• Date January 25, 2017
  • Author Eric Vandersluis

It’s no small statement that the impact of globalization and technology on the way we work, learn and live is profound. The world we live in today is vastly different than the one to which we’ve been accustomed. However, most every generation in history has faced monumental upheaval. The world has been interconnected for as long as history can recount, the difference today, is the speed at which information flows and the overwhelming amount of information that is at our fingertips in a moment’s notice.

To use a military analogy, the world is volatile, uncertain, complex and ambiguous, but it’s also full of hope, promise and potential. And it’s through this lens that we need our leaders to operate. Globalization is a man-made construct, we control the inputs and although it doesn’t always feel like it, we also have control over the outputs. The challenge that lies ahead of us, is teaching leaders to understand and learn how to operate in this world in a way that offers hope, promise and compassion for those around us.

Our belief is that we need to slow down the ways in which we learn and create systems and processes that allow us the space to learn, to grow and to prepare us for working and living in a complex but beautiful world. We recognize the paradoxical nature of this request. And we hear the response all too often, “my people don’t have the time,” “I can’t be gone for that long,” etc. But the reality is, for most of us to truly be effective and to meet the challenges ahead of us, we need to better prepare ourselves mentally, spiritually and physically for what lies ahead.
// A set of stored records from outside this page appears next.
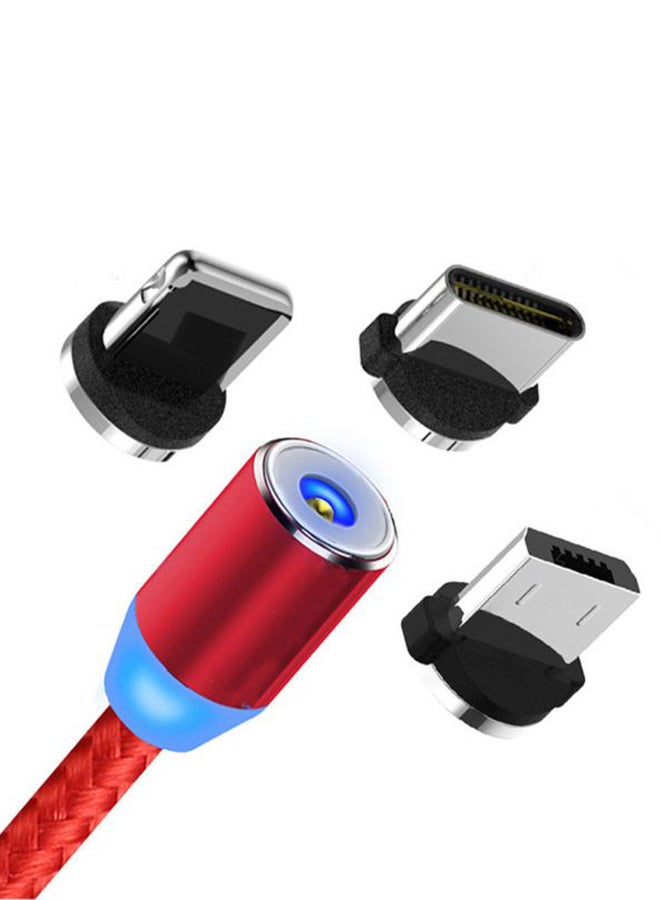 3-In-1 Magnetic Circular Data Sync And Charging Cable Red/Blue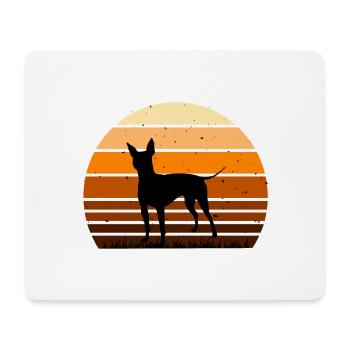 American Hairless Terrier Dog Silhouette Retro - Mouse Pad (horizontal) - white - Front
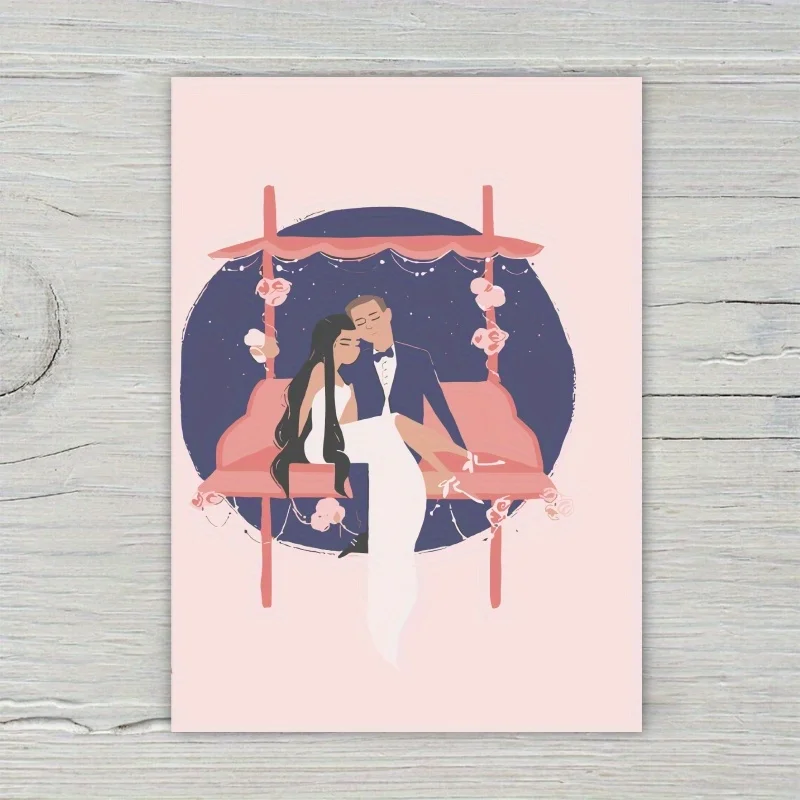 1pc, happy wedding card, romantic wedding card, bride bridegroom sweet couple for husband wife.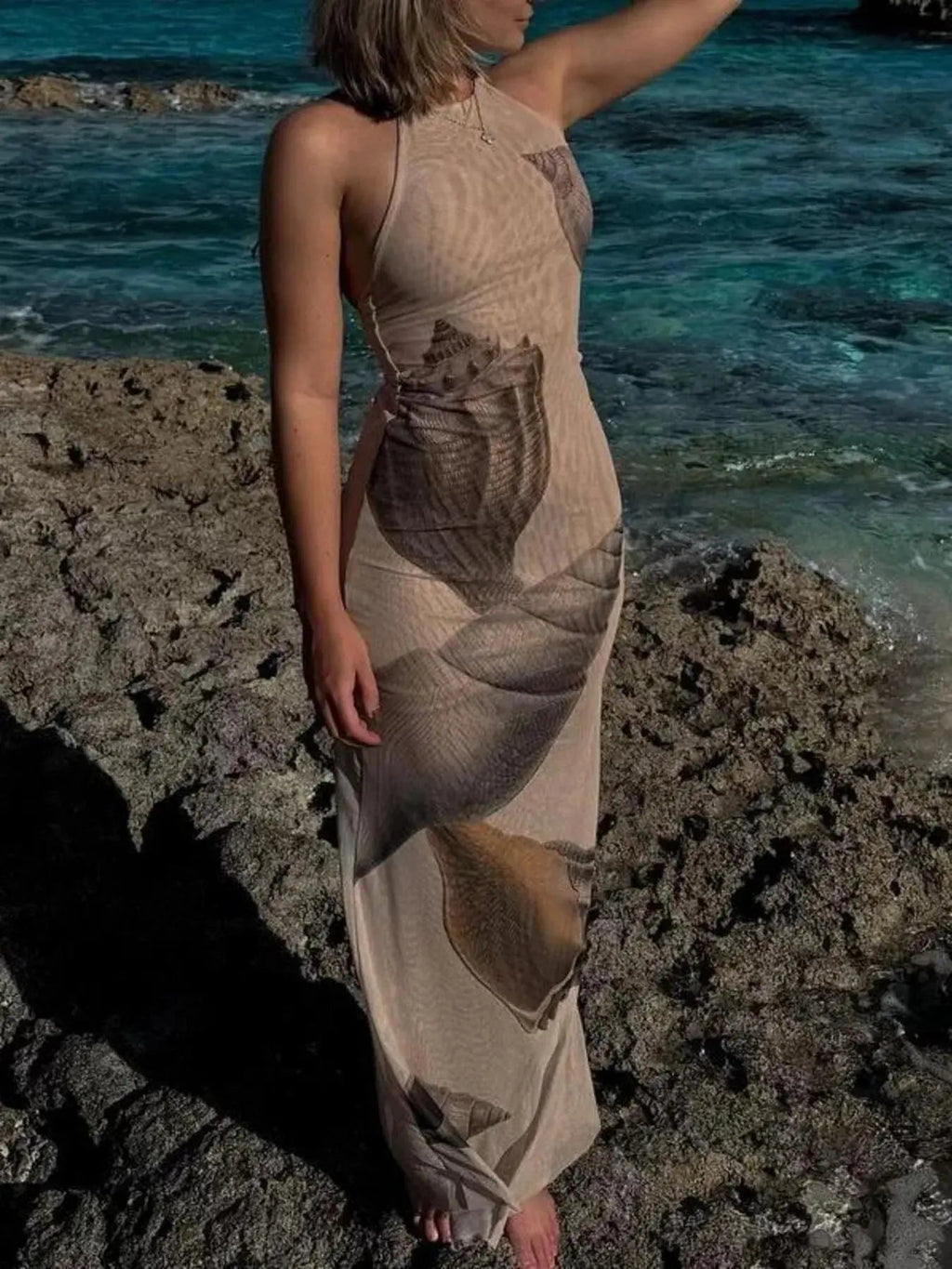 Halter Neck Bodycon Maxi Dress - Charmdeals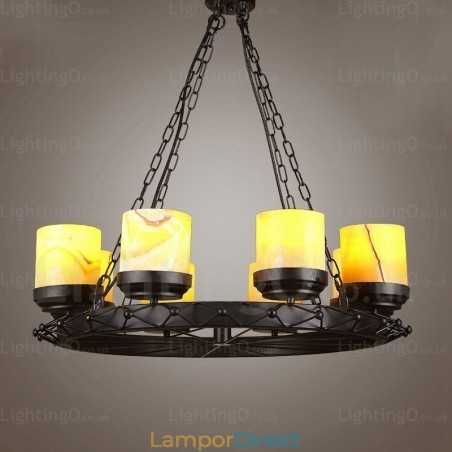 8 Light Country Rustik Vintage Retro Pendellampa Med Glasskärm 8 Light Country Rustik Vintage Retro Pendellampa Med Glasskärm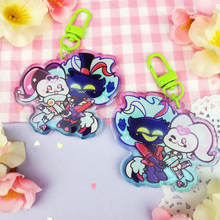 Load image into Gallery viewer, Helluva Boss - Blitzo + Stolas - Fizz + Asmodeus- Acrylic Charms/Keychains
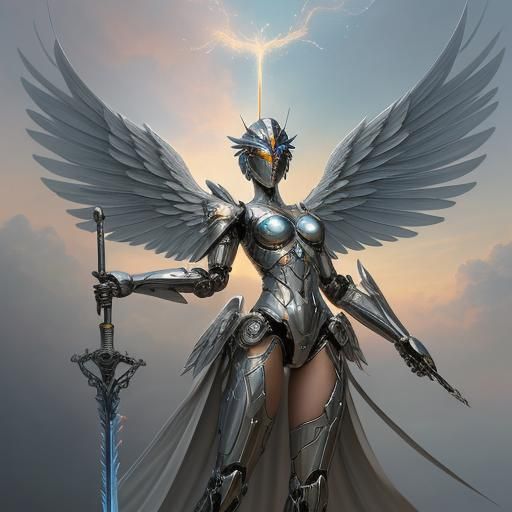 Androgynous Robot Angel with Flaming Sword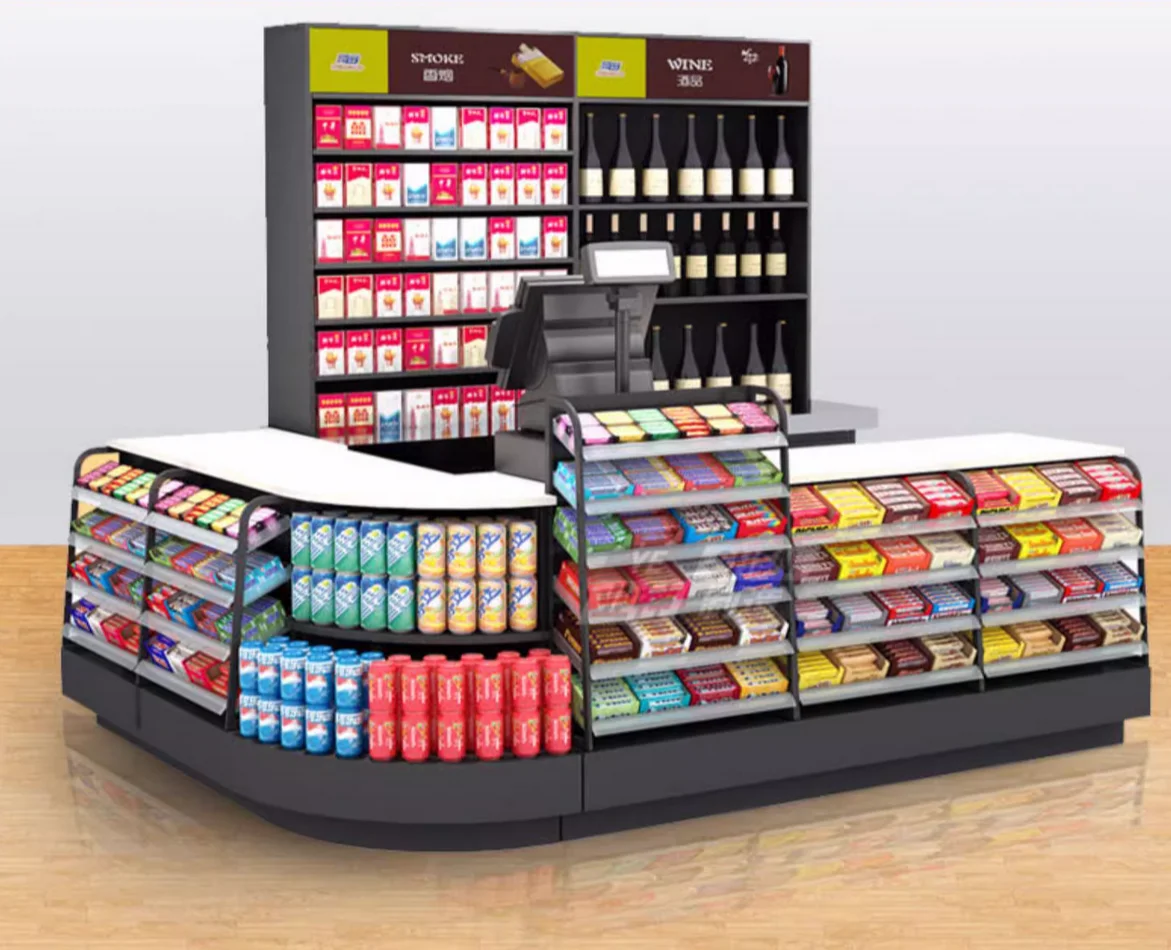 

Supermarket cash register counter, minimalist mother and baby store cash register counter, corner small shelf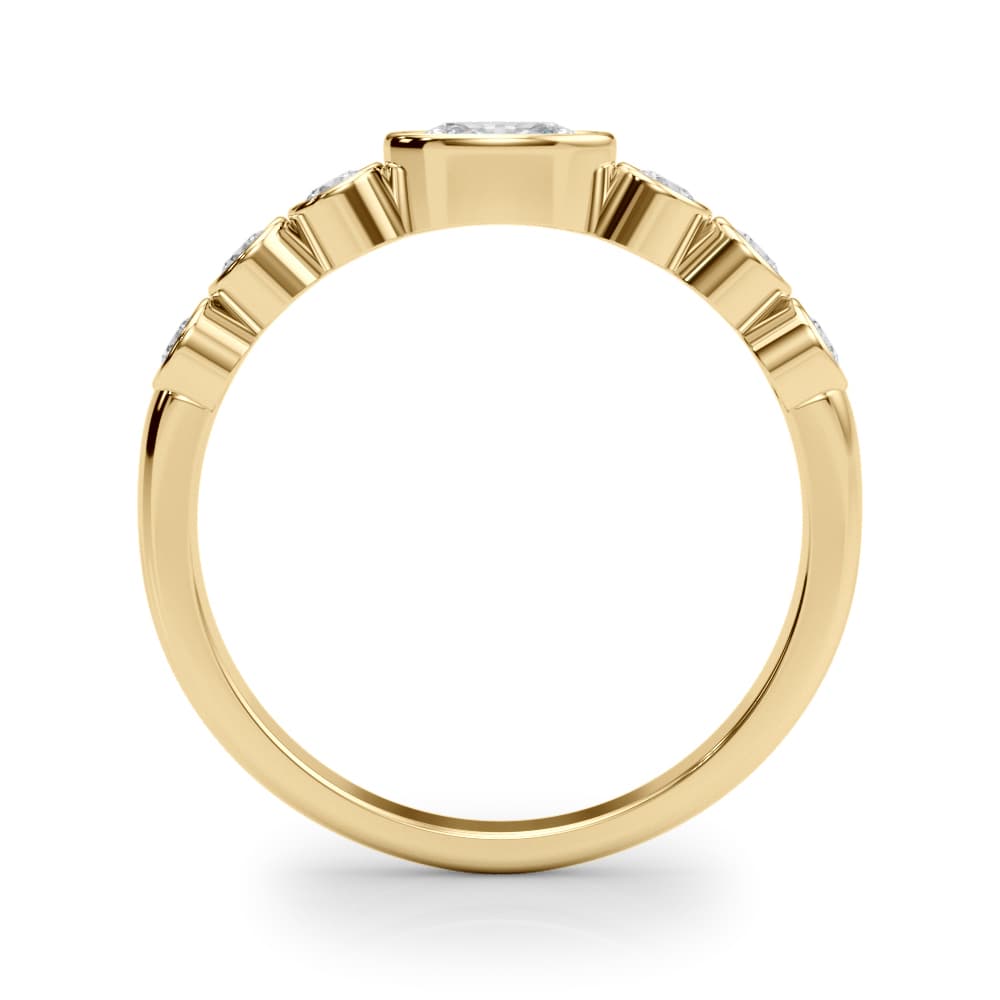 Oval Color Center Ring (1/4 ct. tw.), Side view in yellow gold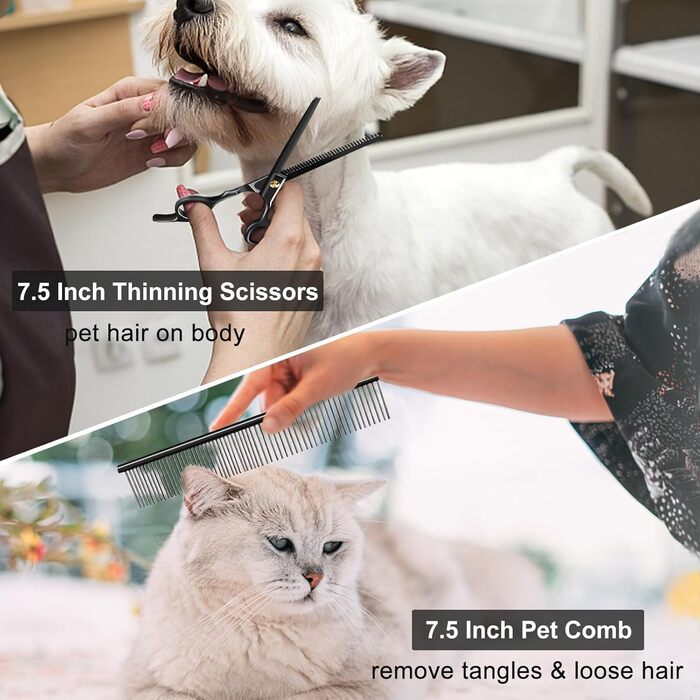 Набір професійних ножиць для грумінгу собак CIICII 10-в-1 з безпечними закругленими кінцями (для собак, котів, тварин). Підходить для стрижки, прорізування та формування шерсті. Срібно-чорний колір.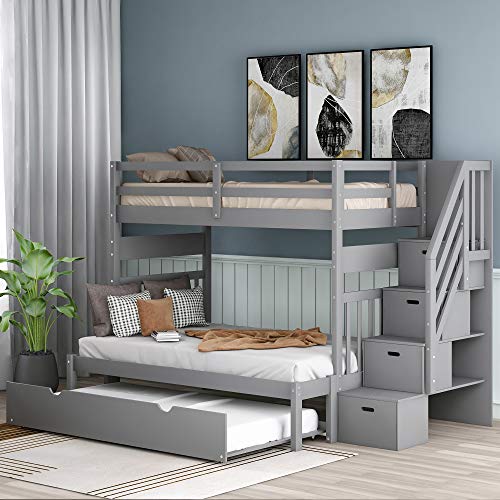 Twin Over Twin/Full Bunk Bed with Trundle and Drawers, Solid Wood Staircase T72769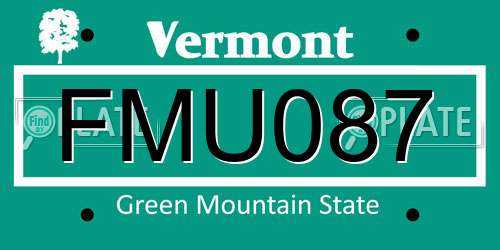 FMU087 Vermont License Plate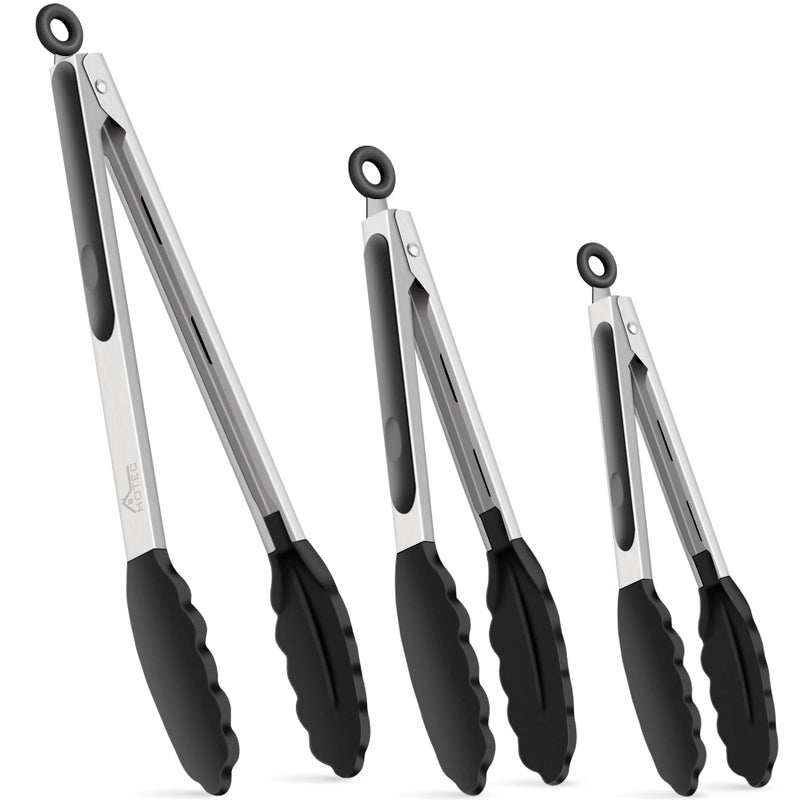 HOTEC Premium Stainless Steel Locking Kitchen Tongs with Silicon Tips, Heat Resistant Cooking Tongs Set of 3-7", 9" and 12" (Black) - Image 1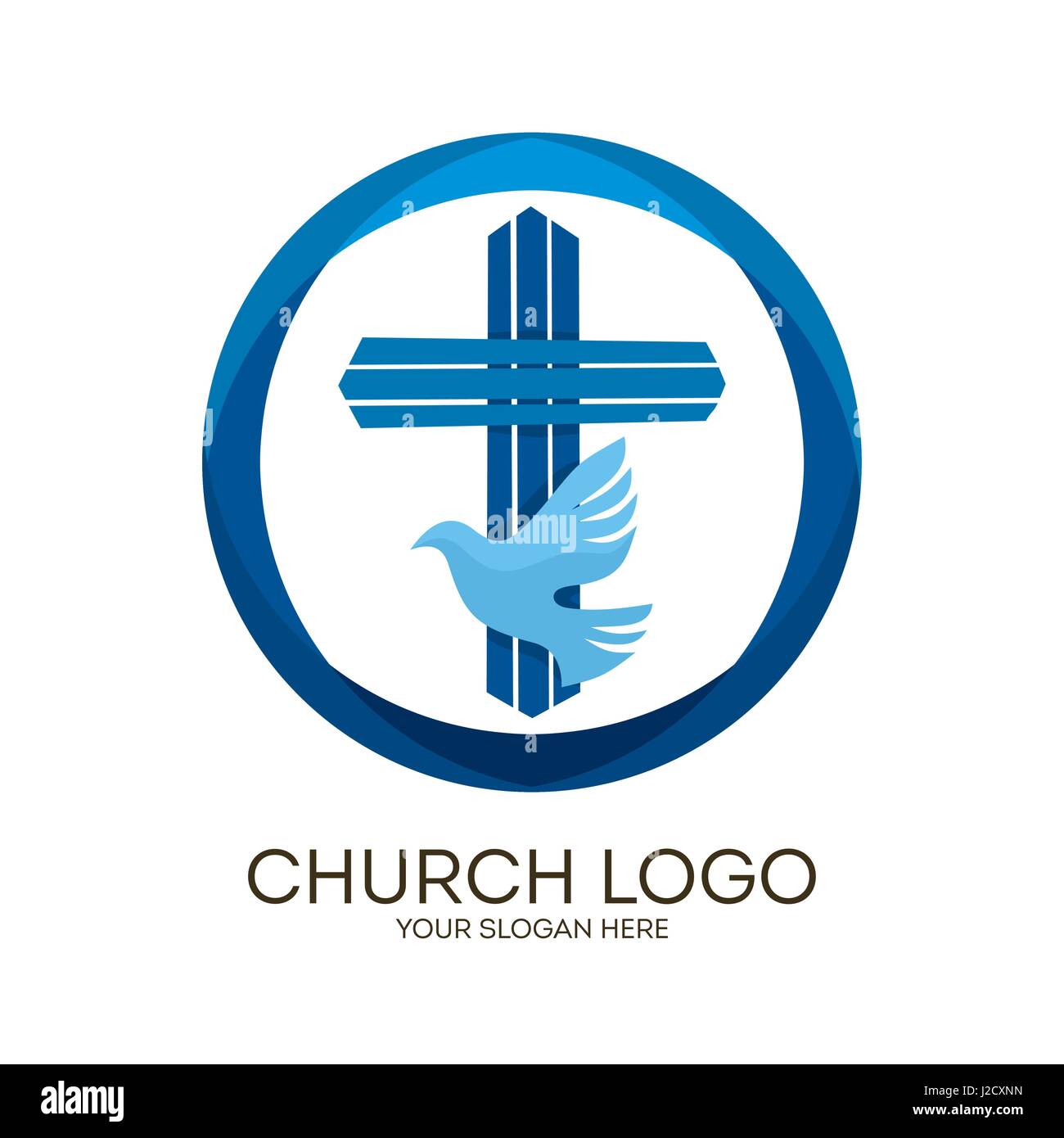 Logo de l'église. Symboles chrétiens. La croix de Jésus et de la colombe - l'Esprit Saint. Illustration de Vecteur
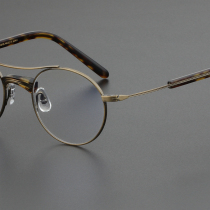 Japanese hand-made classic small round frame GMS-106 pure titanium ultra-light retro oval myopia glasses frame non-slip
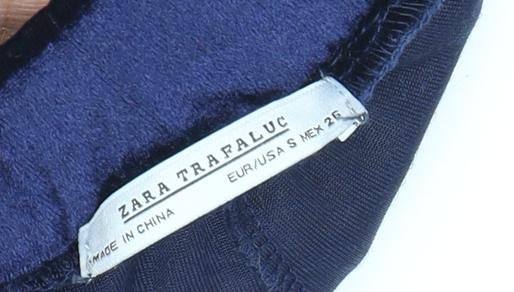 Zara Women’s Blue Velvet Jogger Trousers S
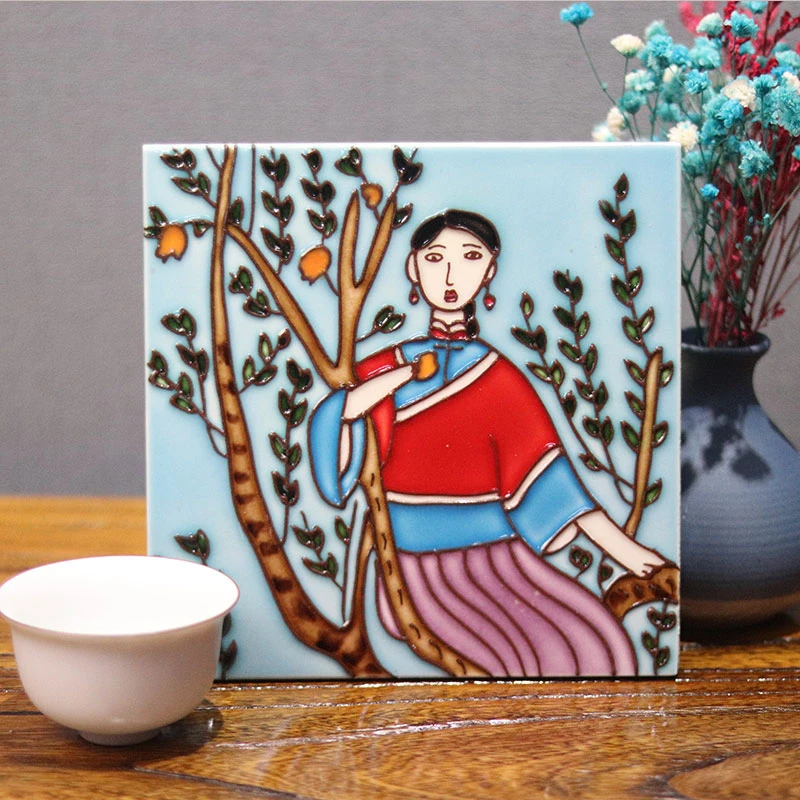 15cm方-人物系列瓷板画家居陶瓷装饰摆件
The skills required to operate in our current environment; collaboration and communication, critical thinking and problem solving, innovation and imagination require us to fundamentally slow down our thinking in order to truly master any of these skills, yet we continue to fall into the trap outlined by Kahneman in Thinking, Fast and Slow:

“A puzzling limitation of our mind: our excessive confidence in what we believe we know, and our apparent inability to acknowledge the full extent of our ignorance and the uncertainty of the world we live in.” (Kahneman, Daniel. Thinking, Fast and Slow (pp. 13-14). Farrar, Straus and Giroux)

The world we live in today is uncertain, it’s hard for leaders to fully grasp the monumental nature of the challenges that lie ahead. But that shouldn’t prevent us as leaders to take a stand and learn how to navigate the world ahead of us.

We need leaders that understand complexity, adaptive systems and aren’t afraid to experiment and try new things. But most importantly, we need leaders to understand that the answer to our challenges is not an individualistic pursuit. We learn best alongside of others and through experience. It’s very tempting to jump head first into the challenges we face and fearlessly push through with sheer will and endurance. Yet, with constant change and turmoil, we can’t keep up and fatigue sets in.

We don’t have the capacity to go at this alone. We never have…throughout all of our history. Humans didn’t evolve because we were the most prolific hunters in the ecosystem, we thrived because as a tribe we were able to outlast the prey, we worked together to wear them down and we used ingenuity to survive even when the odds were stacked against us.
We’re social beings. We exist in a relational context. But in order to effectively be a part of the tribe, we need the to spend time with one another. We need to slow down and engage in the moment with those around us. We need to learn from one another, we need to grow with one another. In order to do that, we need time and space- two resources that feel really scarce at the moment. But we have the capacity to make that happen, because when we do it right, we actually learn to how to better handle all that this beautifully chaotic world throws at us.